The Political Economy of Protectionism

Reason's Ronald Bailey and *gasp* the NY Times editorial page are correct that agricultural subsidies and tariffs are wastes of money and harmful to the poor in developing nations. However, let's look a little at the politics of these subsides in the U.S.

A few weeks ago, there was some buzz about the outsourcing of tech jobs to places like India. Politicians have called for a stop to this. I have even heard people worried that all the good, high-paying jobs will leave the U.S. Workers here will be stuck with low-paying retail and service jobs. Few thought the New Economy would be similar to the Old Economy with lower-priced labor hired for tech support and computer programming.

Then we have farmers. In the U.S. they're looked at in a romantic light. We have a picture of a man of the land working from sun up 'til sun down just to put food on his family's table and ours. The farmer is in constant contact with nature. He doesn't worship it like radical environmentalists do, but he has a deep respect for what nature gives and takes away. This closeness to the earth makes him for in touch of what it means to be human. Such wisdom that comes from hard work, patience, prudence, and common sense results in the ideal American citizen.

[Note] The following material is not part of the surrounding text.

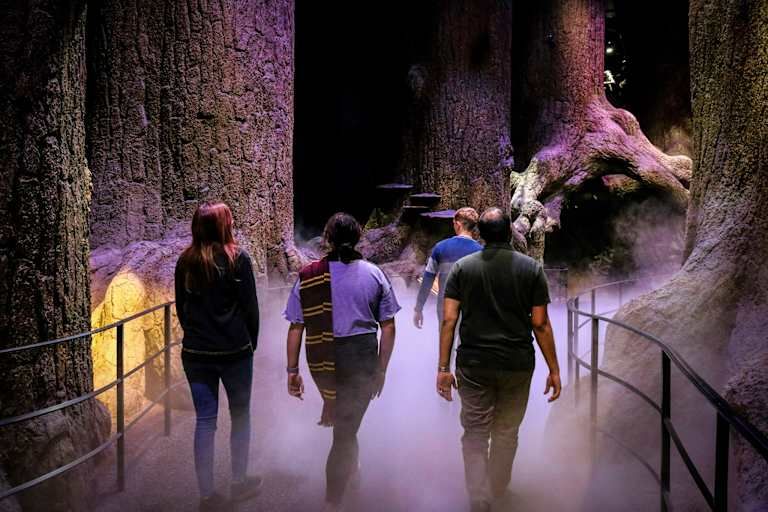Hôtel The California 3* et Studios Harry Potter pas cher photo 6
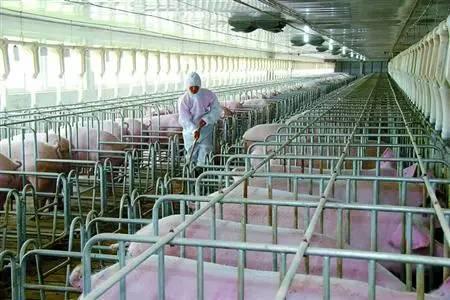 豬都需要打哪種疫苗？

This view of the farmer goes as far back as Thomas Jefferson who wanted the new country to be a land of citizen farmers. In a letter, Jefferson wrote, "The cultivators of the earth are the most virtuous citizens, and possess most of the amor patriae." As it turned out, the U.S. looks more like Alexander Hamilton's vision of a land of businessmen. Nevertheless, Jefferson's bucolic picture still hangs on the wall of the American mind even if many of us have never once walked around a farm.

Through the 20th Century, America lost it's huge number of farmers, yet became the most productive agricultural nation on earth. Improved equipment, fertilizers, techniques, and science led to commodity markets flooded with corn, wheat, milk, and other products. Such output forced farmers to get more productive--which usually meant getting bigger--or to find niches like organic farming.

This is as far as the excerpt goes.